■ **EXERCISE DESCRIPTION**
Only the lines from the first line of the entries through the line with "待售: $345,000 (0.76 acres)" belong in the answer, each restated word for word and without pictures.

■ **EXERCISE INPUT**

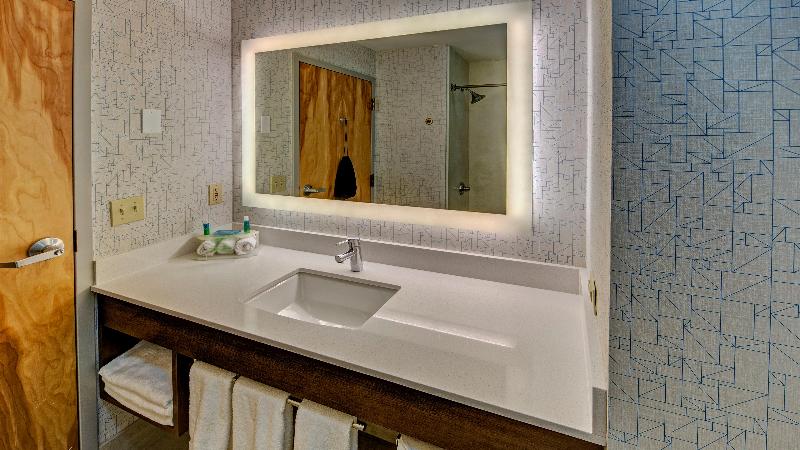 سوئیت کلاسیک, Phuket Panwa Beachfront Resort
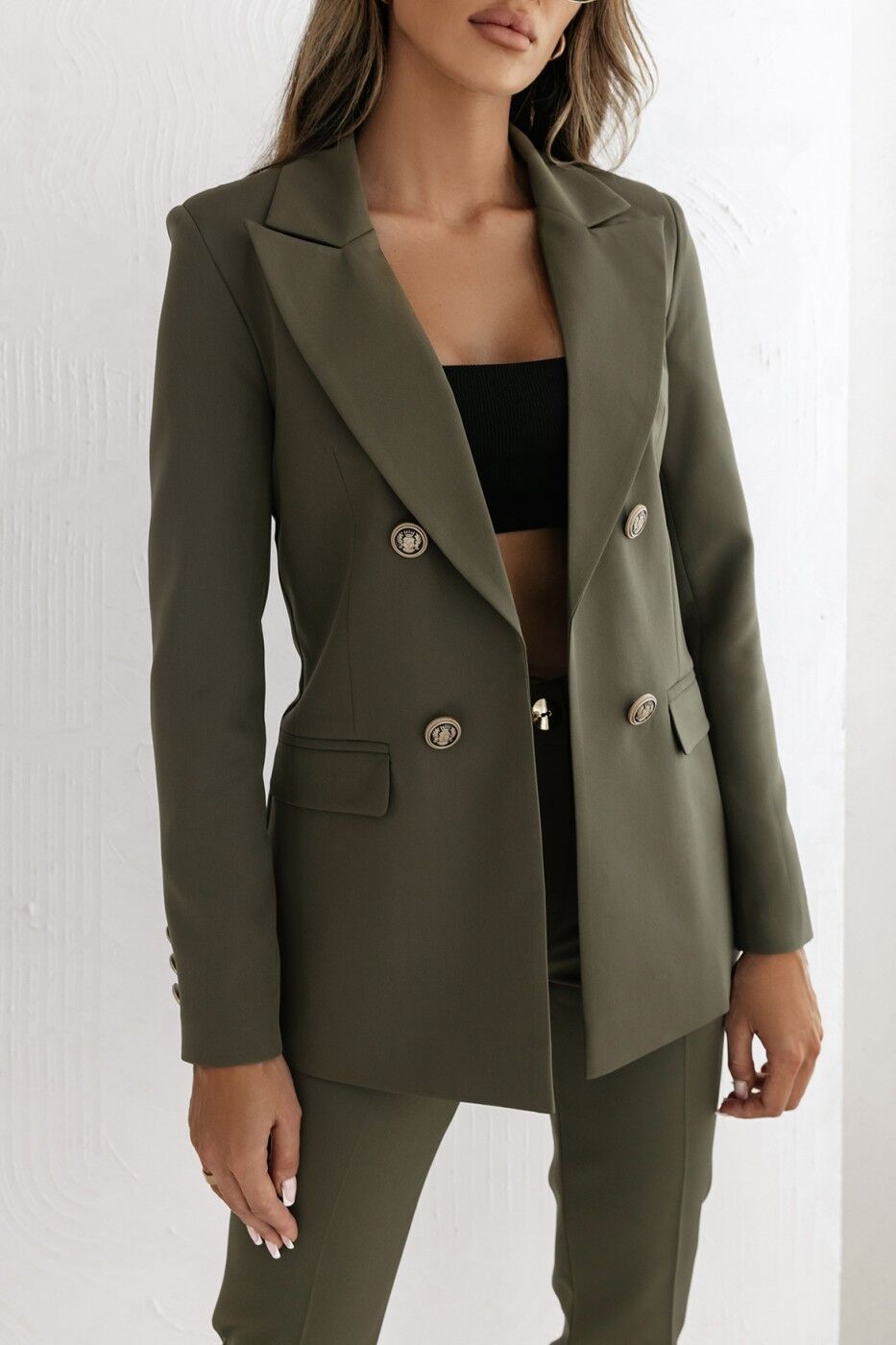 Damen Eleganter Double-Breasted Blazer mit goldenen Knöpfen und moderner Passform Stilzeits
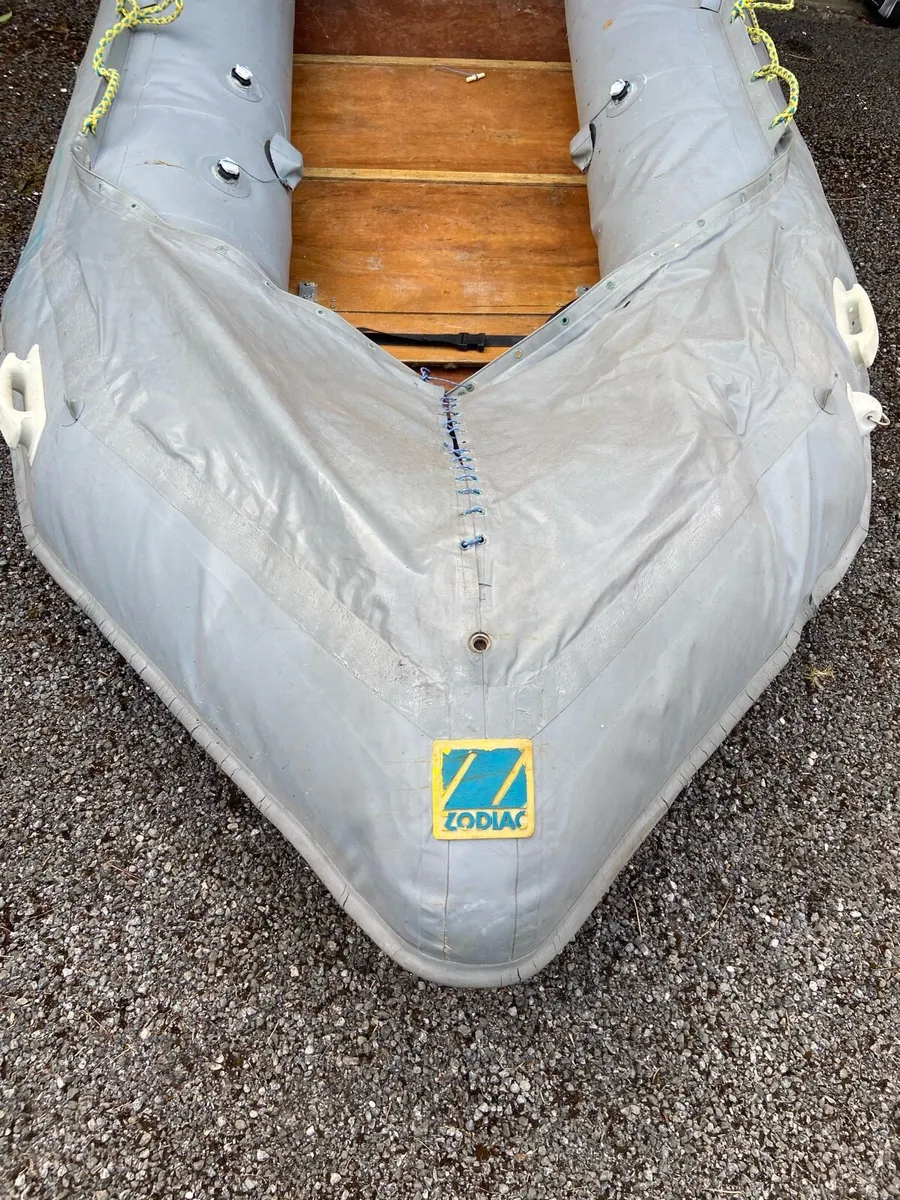Zodiac 22ft inflatable  30hp Honda - Image 1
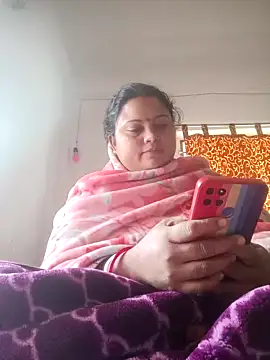 yourssoumi nude on webcam for live sex chat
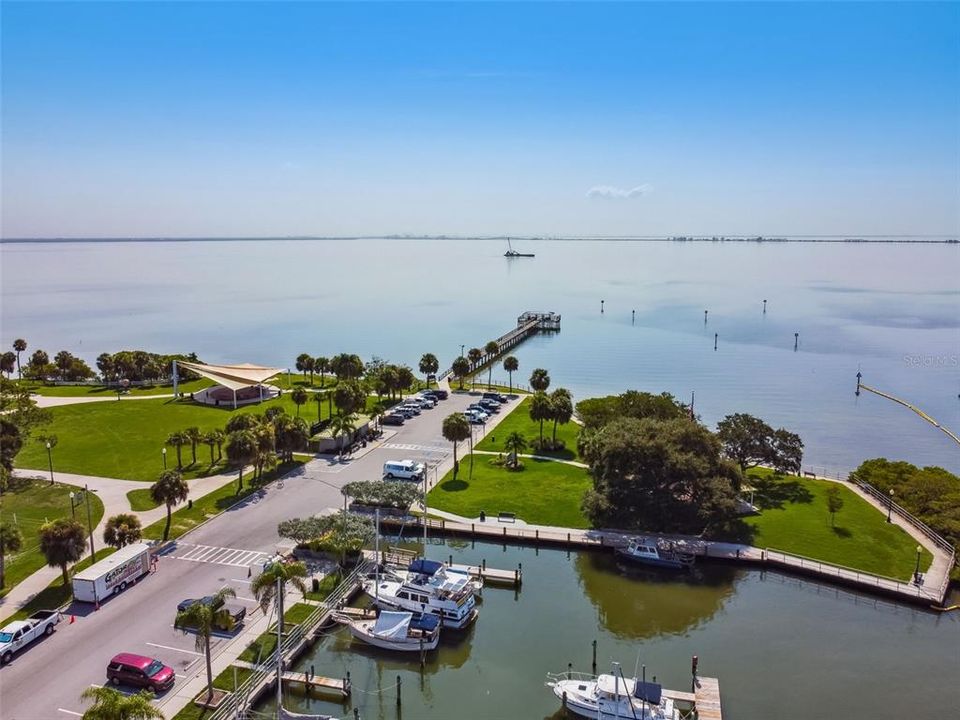 待售: $345,000 (0.76 acres)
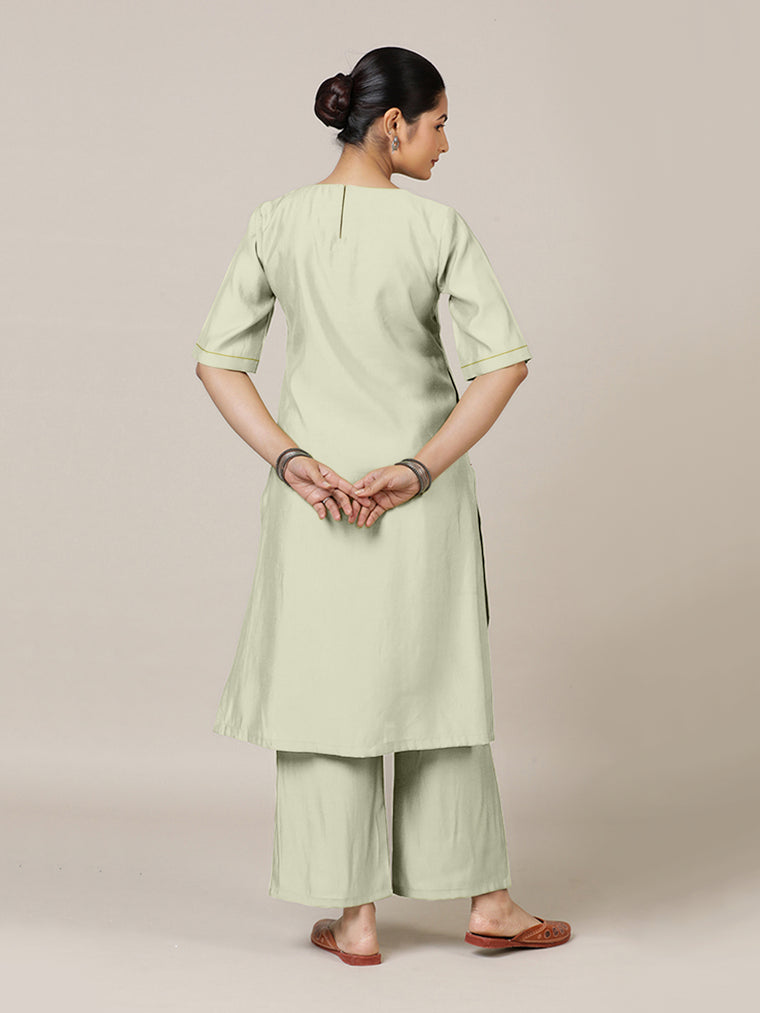 Esha x Rozaana Kurta, in Cream Viscose, featuring elbow sleeves and round neck with splitline, made for daily & work (view 2).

■ **SOLUTION TO THIS PROBLEM**
 سوئیت کلاسیک, Phuket Panwa Beachfront Resort
 Damen Eleganter Double-Breasted Blazer mit goldenen Knöpfen und moderner Passform Stilzeits
Zodiac 22ft inflatable  30hp Honda - Image 1
 yourssoumi nude on webcam for live sex chat
 待售: $345,000 (0.76 acres)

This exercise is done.